Ali Eyüboğlu

Ali Eyüboğlu

aeyuboglu@milliyet.com.tr

Tüm Yazıları

Kültür ve Turizm Bakanlığı’nın sinemaya verdiği yıllık desteği artırması üzerine 26 Aralık’ta kaleme aldığım, “Kredili ve ödüllü filmlerin gişesi” başlıklı yazımın özeti şuydu:

“Bakanlığın desteğini 28.5 milyondan 40 milyona çıkarması yetmez. Bakanlık, Sinema Destekleme Kurulu üyelerini belirlerken de radikal değişikliğe gitmeli.

Aksi takdirde 40 milyon lira da yine seyirciye ulaşmayacak filmlere gider.

Çekilen film sayısıyla birlikte, gişede zarar ettiği için bakanlıktan aldığı parayı iade edemeyenler arasına yeni isimler katılır, o kadar!”

Haberin Devamı

Günaydın’dan Mevlüt Tezel, buna karşın “Sanat filmleri çekilmesin mi?” başlıklı bir yazı yazdı hakkımda.

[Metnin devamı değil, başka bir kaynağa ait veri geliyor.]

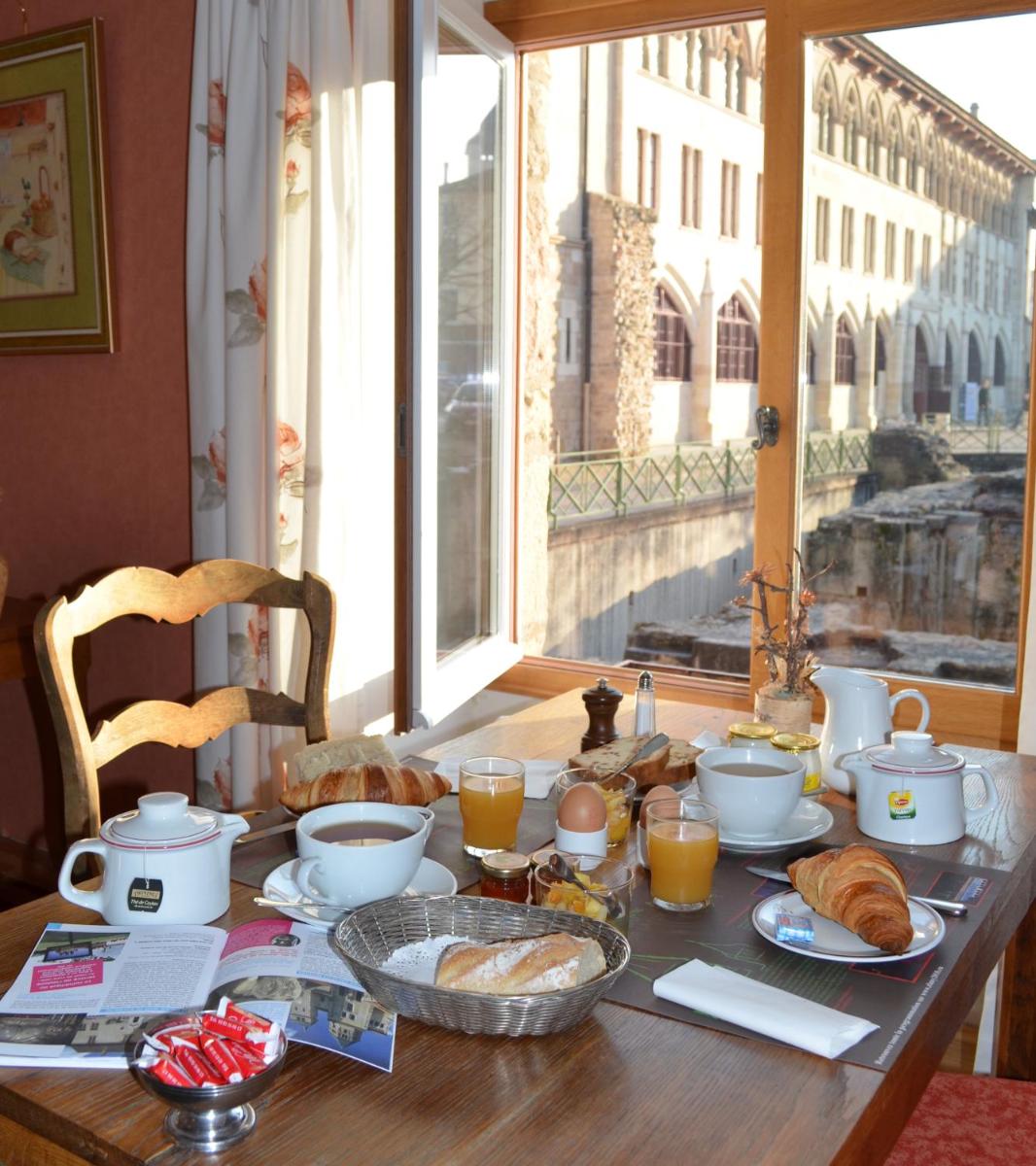 Hotel de Bourgogne - Housity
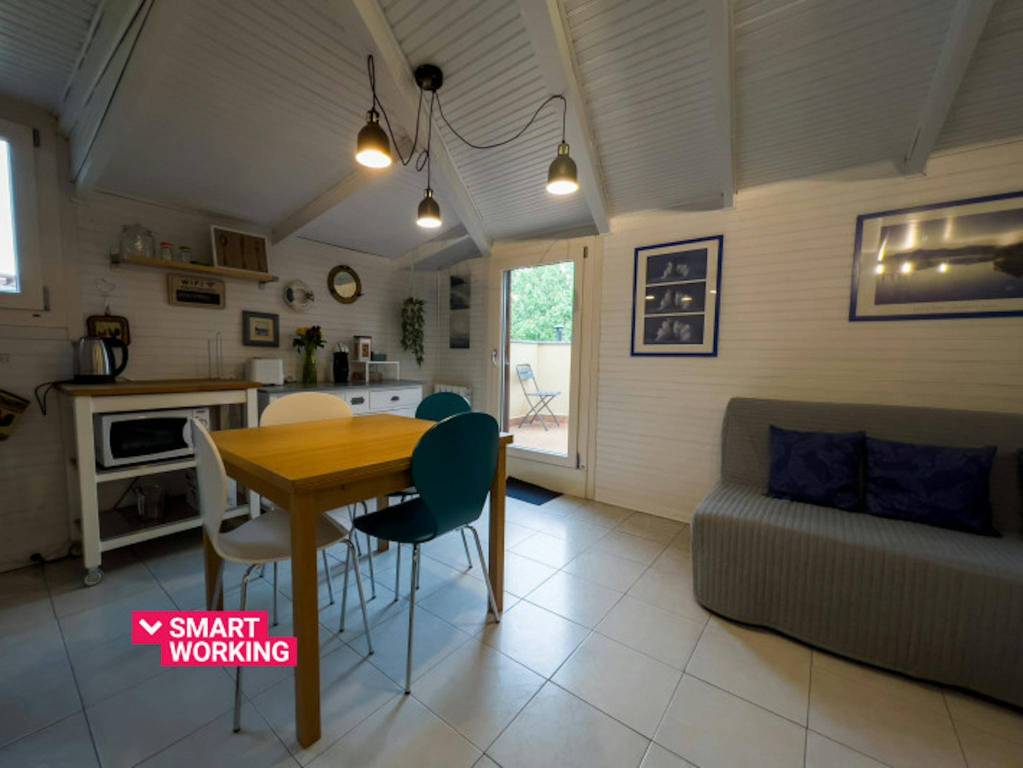 appartamento in affitto a Donato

Sevgili Mevlüt, o yazıdan niye ve nasıl böyle bir sonuç çıkardı, bilmiyorum.

Yazdıklarımdan sorumluyum, ama okuyanın ne anladığı beni aşan bir mevzu.

Derinlemesine bilgi sahibi olmadığım konularda yazmam. Sinema Destekleme Kurulu ve kararları, ilgilendiğim ve bildiğim bir konu. Yıllar içinde yazdıklarım da Milliyet arşivinde.

Müzikte kredi var mı?

Tezel, “O paralar hibe değil, kredi” hatırlatması yapmış bana. Kâğıt üstünde öyle, ama pratikte şöyle:

Çıkan krediyi, teminat gösterip alanların çektikleri filmler zarar edince şunu yapıyor. Yeminli mali müşavir raporlarıyla zararı belgeleyip, kredi borcunu ödemeden teminatı kurtarıyorlar. Bu nedenle, 4 yıl bakanlığa yeni kredi başvurusunda bulunamama cezası alıyor ve onu da “hülle”yle aşıyorlar.

Tezel’in “Devlet, sinemadan aldığını, sinemaya kredi olarak veriyor” iddiasına gelince:

Devlet, sinemadan aldığı vergileri bir kasada toplayıp, sonra kredi olarak dağıtmıyor. Öyle olsaydı Nabi Avcı, “2017’de krediyi 40 milyona çıkardık” demez, toplanan vergi ne kadarsa o kadarı dağılırdı.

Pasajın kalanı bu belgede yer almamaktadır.